Sunday, July 7, 2013

WHO creates emergency committee to address MERS virus threat

Egyptian medical workers wear masks as they leave the emergency section in King Fahad hospital in the city of Hofuf, on June 16, 2013. The country has had many patients infected by MERS.

By 
MICHELLE CASTILLO


The World Health Organization is organizing an emergency committee to discuss the additional dangers the Middle East coronavirus (MERS-CoV or MERS) could pose to the international community.

WHO flu expert Keiji Fukuda said at a news conference on Friday that although MERS is not currently a public emergency or a pandemic, 40 people have died from MERS. The purpose of the panel is to discuss how to address additional issues that may occur if the disease spreads rapidly.
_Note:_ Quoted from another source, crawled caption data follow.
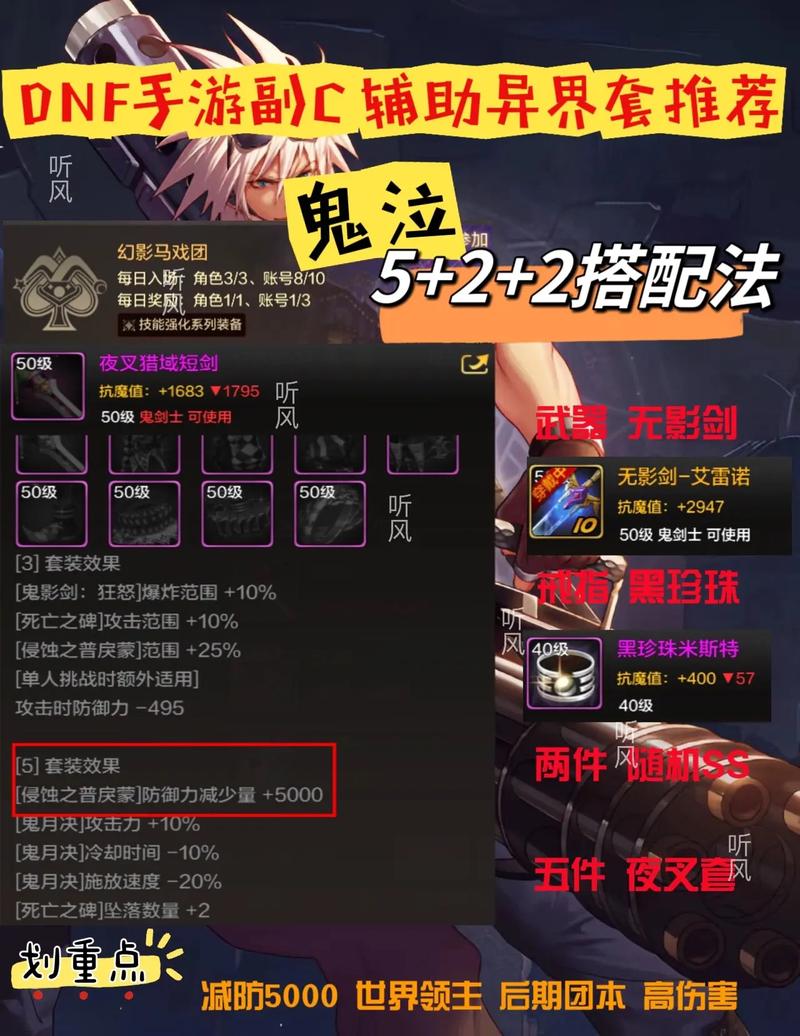 dnf奶爸王座本源切装-dnf奶爸最完美换装登记-第6张图片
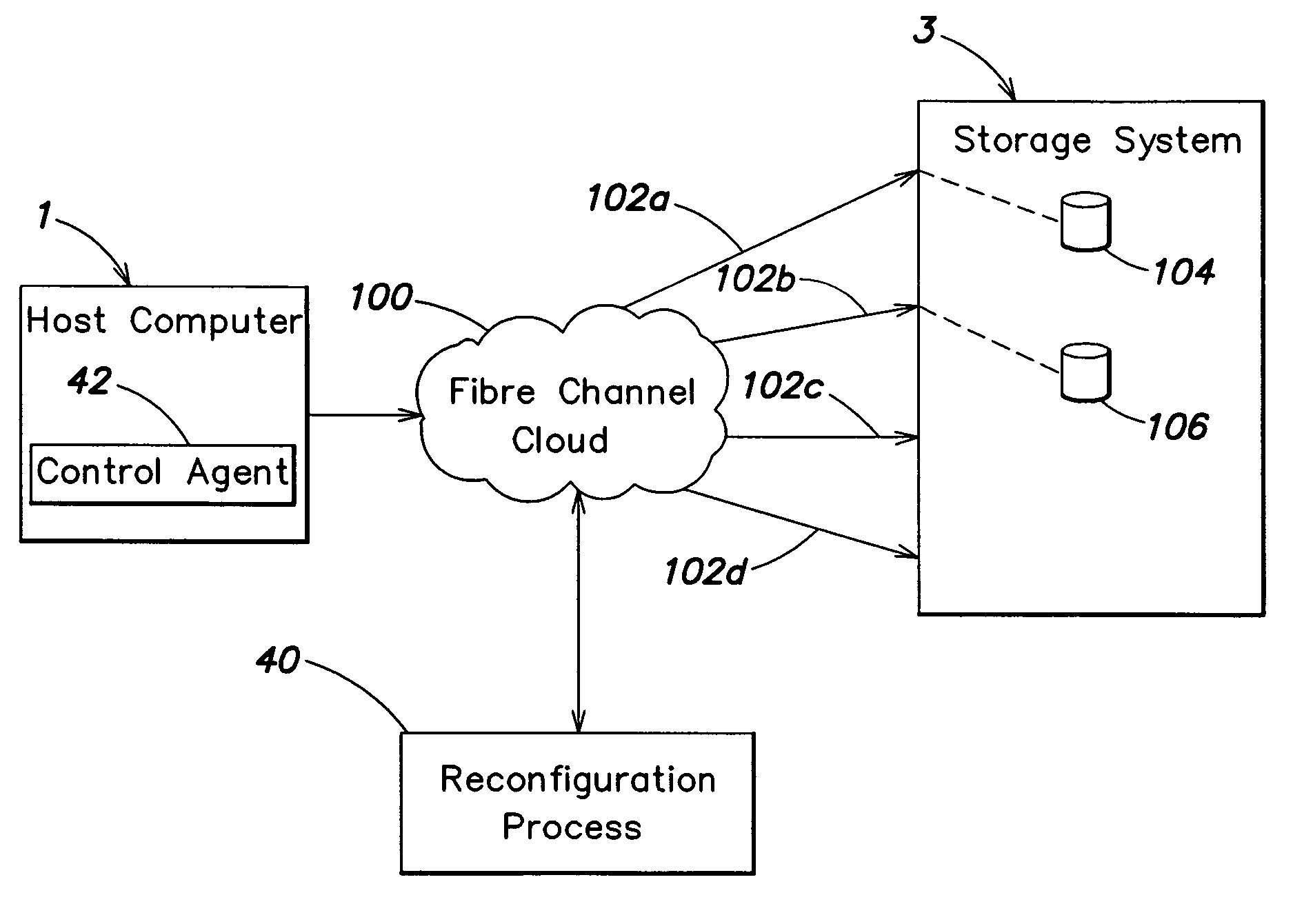 Method and apparatus for dynamically modifying a computer system configuration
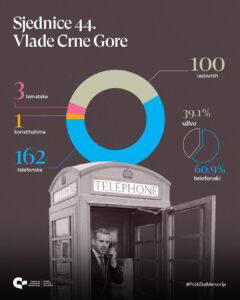 sjednice 44 vlade presjek decembar 2025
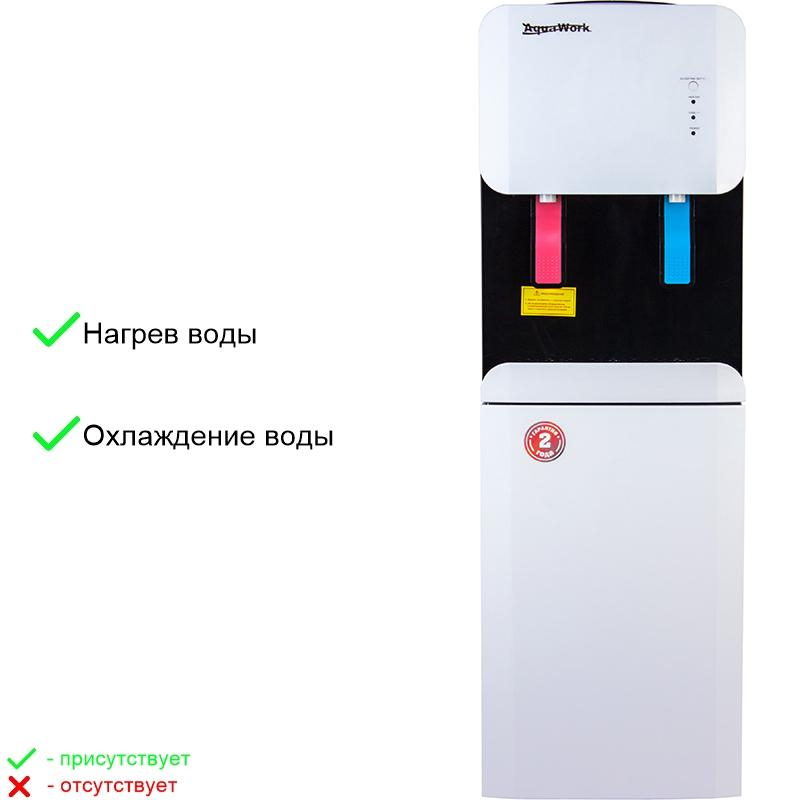Кулер для воды Aqua Work 105 LR, (белый) - фото 5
"We want to make sure we can move as quickly as possible if we need to," Fukuda said according to Reuters. "If in the future we do see some kind of explosion or if there is some big outbreak or we think the situation has really changed, we will already have a group of emergency committee experts who are already up to speed so we don't have to go through a steep learning curve."

A spokesperson for the WHO told CBSNews.com that the emergency committee is part of the International Health Regulations (IHR) that were put in place in 2007. The IHR Emergency Committee consists of international experts who will advise the WHO Director-General when the medical issue becomes a "public health emergency of international concern." They also advise on temporary recommendations for travel, surveillance, clinical management, infection control. Panel members include experts in disease control, virology, vaccine development, infectious disease epidemiology and coronavirus.